READ MORE: How to Design a Natural Playscape
Another project where the school requested our assistance was the design of a greenhouse and gardens. Knowing that nature is such an engaging and effective educational tool, teachers came up with the idea of building both outdoor and indoor growing areas so that students can enjoy hands-on, nature-based learning all year long. From the impact of variables like water, sun, and shade, to growing seasons, to helping kids understand where their food comes from, they knew that the educational opportunities with these kinds of resources would be virtually limitless.
Anatomy of an Educational Greenhouse and Gardens
In developing our design for the Slate School greenhouse and gardens, we felt it needed to include multiple areas, each with different attributes and providing unique opportunities for fun and learning. We came up with four growing zones: raised plant beds, a vegetable garden surrounded by a screened fence, a greenhouse, and landscaped beds.

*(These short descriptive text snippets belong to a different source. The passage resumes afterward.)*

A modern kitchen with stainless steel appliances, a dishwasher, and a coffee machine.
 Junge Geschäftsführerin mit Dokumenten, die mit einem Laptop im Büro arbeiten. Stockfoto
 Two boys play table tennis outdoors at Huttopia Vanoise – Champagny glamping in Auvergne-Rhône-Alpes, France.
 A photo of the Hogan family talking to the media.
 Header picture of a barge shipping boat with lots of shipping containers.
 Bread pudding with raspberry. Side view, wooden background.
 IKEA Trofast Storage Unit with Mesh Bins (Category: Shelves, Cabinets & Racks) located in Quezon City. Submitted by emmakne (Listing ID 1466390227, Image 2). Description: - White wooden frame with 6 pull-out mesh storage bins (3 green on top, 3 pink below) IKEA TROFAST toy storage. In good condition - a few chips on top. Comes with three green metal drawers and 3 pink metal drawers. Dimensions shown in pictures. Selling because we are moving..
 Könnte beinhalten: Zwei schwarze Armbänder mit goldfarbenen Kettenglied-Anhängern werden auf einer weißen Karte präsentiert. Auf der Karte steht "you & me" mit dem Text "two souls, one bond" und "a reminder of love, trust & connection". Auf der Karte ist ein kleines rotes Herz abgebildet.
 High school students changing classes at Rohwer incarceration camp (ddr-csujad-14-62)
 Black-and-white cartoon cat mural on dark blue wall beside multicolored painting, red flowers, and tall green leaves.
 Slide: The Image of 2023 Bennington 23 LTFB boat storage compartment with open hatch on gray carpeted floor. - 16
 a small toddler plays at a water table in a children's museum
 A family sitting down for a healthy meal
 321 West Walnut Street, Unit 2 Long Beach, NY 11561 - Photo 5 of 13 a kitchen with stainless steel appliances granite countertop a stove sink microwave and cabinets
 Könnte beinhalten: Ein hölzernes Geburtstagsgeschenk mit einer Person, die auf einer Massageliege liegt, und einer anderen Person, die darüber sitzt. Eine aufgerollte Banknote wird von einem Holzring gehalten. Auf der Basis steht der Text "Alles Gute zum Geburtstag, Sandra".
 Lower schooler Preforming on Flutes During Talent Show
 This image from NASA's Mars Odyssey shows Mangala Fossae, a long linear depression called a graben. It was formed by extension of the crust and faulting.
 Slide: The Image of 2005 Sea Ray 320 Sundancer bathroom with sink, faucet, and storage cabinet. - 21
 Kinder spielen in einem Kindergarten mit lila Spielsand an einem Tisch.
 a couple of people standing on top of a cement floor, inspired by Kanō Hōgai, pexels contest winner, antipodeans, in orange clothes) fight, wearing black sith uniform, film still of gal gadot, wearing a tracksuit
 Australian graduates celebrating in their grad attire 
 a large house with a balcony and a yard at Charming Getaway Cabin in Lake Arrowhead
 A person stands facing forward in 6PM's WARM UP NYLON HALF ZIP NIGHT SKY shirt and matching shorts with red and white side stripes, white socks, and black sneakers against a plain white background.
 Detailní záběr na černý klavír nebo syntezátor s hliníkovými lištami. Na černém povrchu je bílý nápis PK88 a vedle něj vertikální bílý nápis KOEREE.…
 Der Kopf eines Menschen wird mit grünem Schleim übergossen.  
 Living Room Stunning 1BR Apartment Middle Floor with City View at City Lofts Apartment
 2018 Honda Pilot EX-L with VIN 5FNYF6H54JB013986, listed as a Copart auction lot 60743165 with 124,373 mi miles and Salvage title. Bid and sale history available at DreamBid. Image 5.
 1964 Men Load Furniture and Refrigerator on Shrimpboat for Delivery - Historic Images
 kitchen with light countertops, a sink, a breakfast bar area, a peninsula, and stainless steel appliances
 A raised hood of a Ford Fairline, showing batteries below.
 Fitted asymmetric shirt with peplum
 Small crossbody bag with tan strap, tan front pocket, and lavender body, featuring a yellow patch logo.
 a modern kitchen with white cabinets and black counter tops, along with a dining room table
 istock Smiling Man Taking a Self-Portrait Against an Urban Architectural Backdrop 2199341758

Teachers will use these areas in different ways:
- The raised plant beds enable easy viewing, watering, and gathering.
- The screened garden allows for the growth of fruits, vegetables, herbs, and flowers while keeping deer, rabbits, and other animals at bay.
- The greenhouse accommodates year-round growing.
- The surrounding landscaping with native species provides for a variety of colors, smells, and textures at different times of the year.
Overall, having four growing areas also allows for many children to be involved in learning activities at one time, and the variety of settings will be effective in helping to increase interest and engagement.
The Strategy Behind Our Plan
Nature is very resilient. As Jeff Goldblum’s character in Jurassic Park famously said, “Life finds a way.” Consequently, it would be easy to believe that any layout for the greenhouse and gardens at Slate School would be acceptable. However, we wanted to maximize the growing potential of these areas.
So, we consulted a landscape architect for insights on the best way to orient the areas with respect to sun, shade, and wind, and also on the sizing of the gardens and greenhouse. For example, we positioned the gardens to maximize sun in some areas while being shaded in others, to allow for the growth of various species.
But, producing healthy plants was only part of the equation. More importantly, the growing areas had to be designed in a way that will benefit generations of gardeners who will make their way through Slate School. For best practices from that perspective, we turned to the teachers, who provided excellent, actionable input.
And, of course, as designers we wanted to ensure that the structures are as aesthetically pleasing as they are functional. To that end, our designs call for the same types of materials already in use in the school building, namely cedar, aluminum, and glass.
Helping Students Stay Rooted in Nature
As the digital universe continues to expand and demand more of our time, it is important that today’s children and future generations don’t take the physical universe for granted. We’re proud to have played a role in helping Slate School teach kids important lessons about the planet they are inheriting.